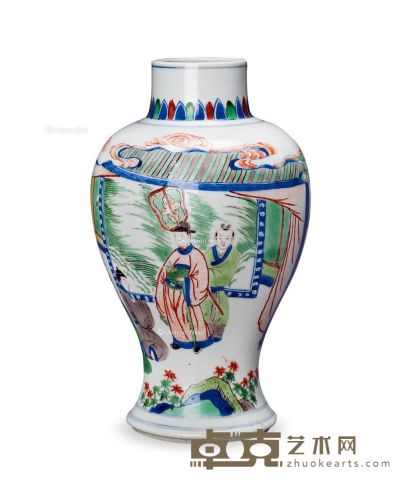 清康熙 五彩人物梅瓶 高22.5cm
^^^^^^^^^^^^^^^^
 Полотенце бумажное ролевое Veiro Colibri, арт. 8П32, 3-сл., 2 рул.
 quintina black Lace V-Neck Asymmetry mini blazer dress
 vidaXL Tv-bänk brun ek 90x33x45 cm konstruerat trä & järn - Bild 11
^^^^^^^^^^^^^^^^
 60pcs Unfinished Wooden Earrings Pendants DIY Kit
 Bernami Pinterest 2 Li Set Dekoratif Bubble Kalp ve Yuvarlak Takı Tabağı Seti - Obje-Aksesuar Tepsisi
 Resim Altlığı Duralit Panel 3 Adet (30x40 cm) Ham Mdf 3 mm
^^^^^^^^^^^^^^^^
(Your instructions): With the line holding "Полотенце бумажное ролевое" as the first and the line holding "vidaXL Tv-bänk brun" as the last, set down that range of the entries above exactly, and nothing else.

(Written solution):
 Полотенце бумажное ролевое Veiro Colibri, арт. 8П32, 3-сл., 2 рул.
 quintina black Lace V-Neck Asymmetry mini blazer dress
 vidaXL Tv-bänk brun ek 90x33x45 cm konstruerat trä & järn - Bild 11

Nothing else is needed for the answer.